EXERCISE
Starting with the line that holds "an empty room with wooden" and stopping after the line that holds "Diamond earrings displayed", repeat the lines below word for word, without the pictures.

DATA FOR THE TASK
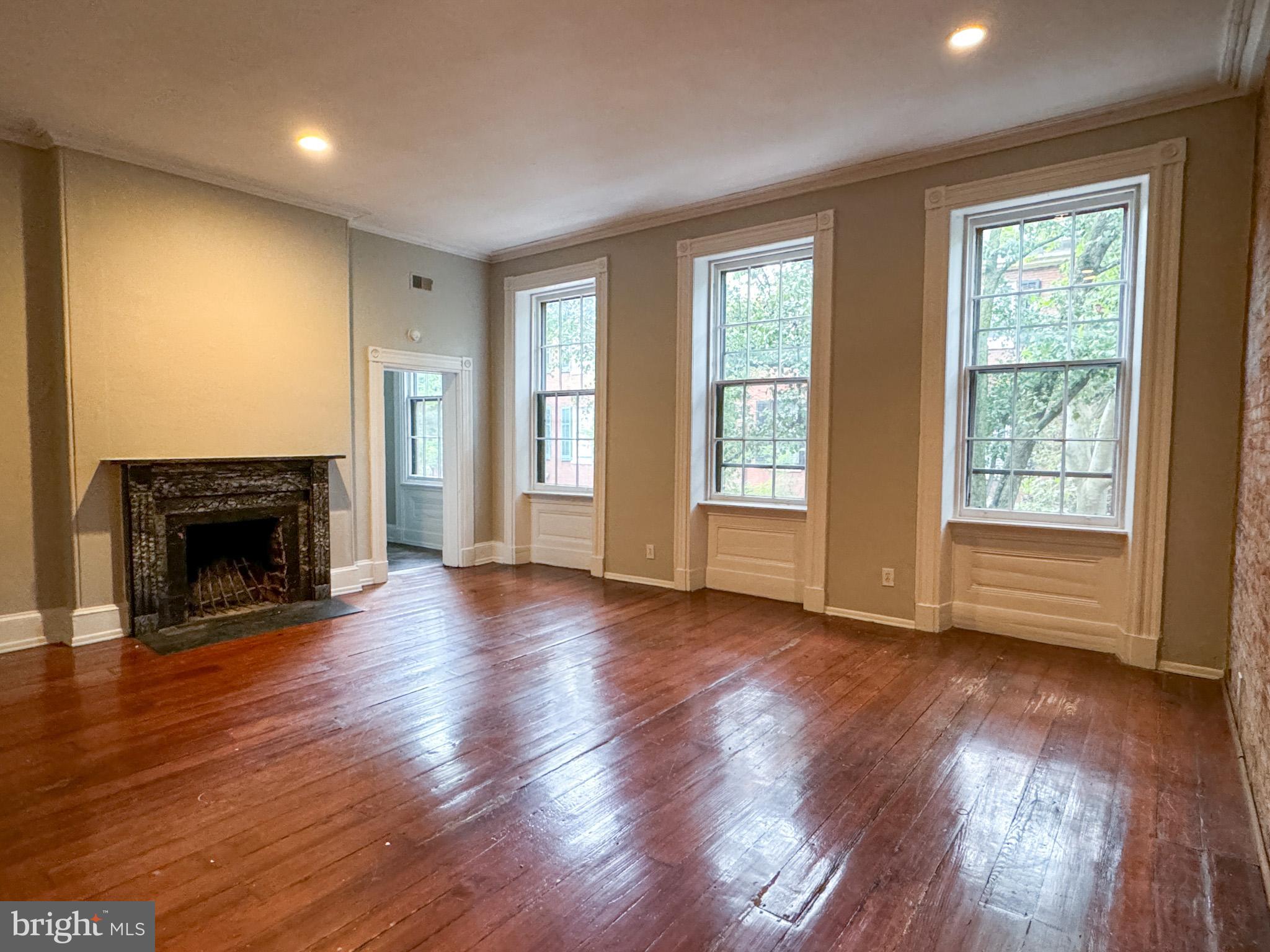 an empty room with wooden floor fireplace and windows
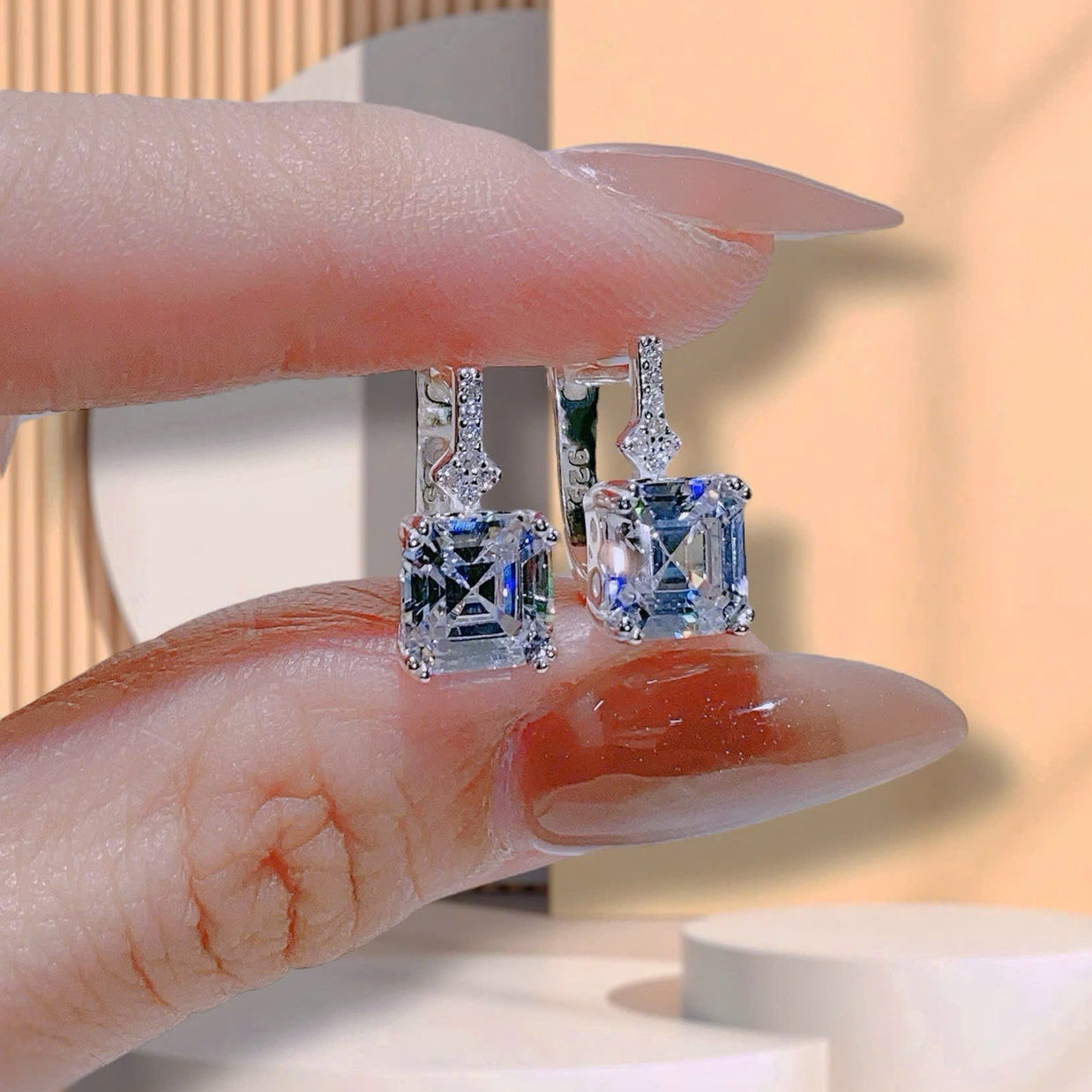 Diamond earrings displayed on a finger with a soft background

...

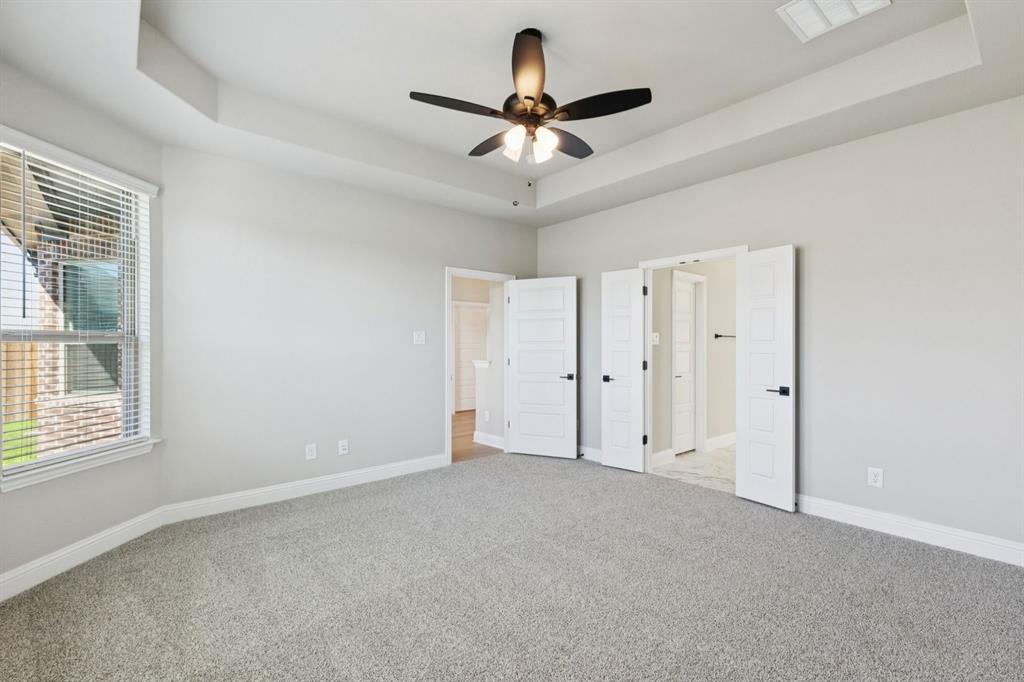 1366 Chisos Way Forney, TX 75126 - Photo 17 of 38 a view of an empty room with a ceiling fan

* * *

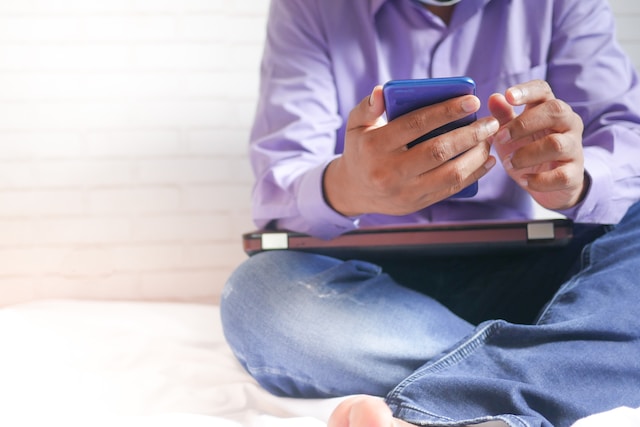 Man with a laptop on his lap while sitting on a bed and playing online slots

WRITTEN ANSWER
 an empty room with wooden floor fireplace and windows
 Diamond earrings displayed on a finger with a soft background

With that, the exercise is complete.